Nel frattempo, nel novembre 1945 era cominciato il Processo di Norimberga -il Tribunale Militare Internazionale per i Crimini di Guerra Nazisti- e il nome di Eichmann (oltre che la sua macabra efficienza) comincia a diffondersi come una delle più sinistre figure, responsabili dello sterminio del popolo ebraico. Nel gennaio 1946 era stato chiamato a testimoniare l’amico ed ex collega delle SS, il “Barone” Dieter Wisliceny, che descrisse punto per punto l’alta partecipazione e responsabilità che l’ufficiale tedesco deteneva all’interno del programma di sterminio.
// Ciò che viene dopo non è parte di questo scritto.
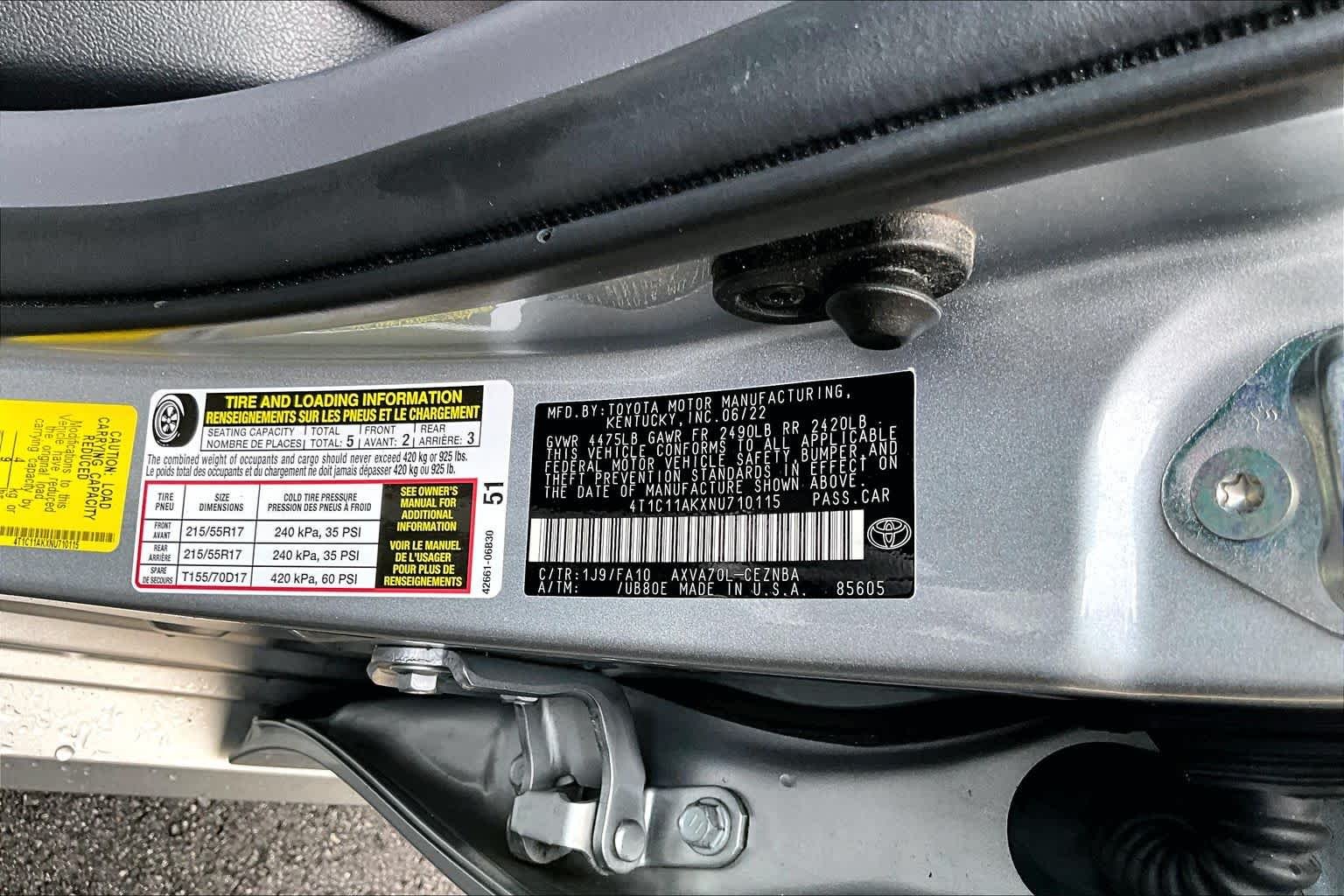 Used 2022 Celestial Silver Metallic Toyota LE image 34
E anche altri caporioni, tra novembre ’45 e gennaio ’46, avevano già testimoniato contro Eichmann.


Dalla sua blanda prigionia, non ci volle tanto a capire che, nonostante il lavoro certosino di distruzione di ogni traccia di responsabilità (Incluse le fotografie che lo ritraevano da solo o insieme ai suoi colleghi) era giunto il momento di fuggire lontano il più possibile. Infatti non tutto era stato distrutto e qualcosa cominciava a emergere: il rischio di essere riconosciuto era diventato molto alto.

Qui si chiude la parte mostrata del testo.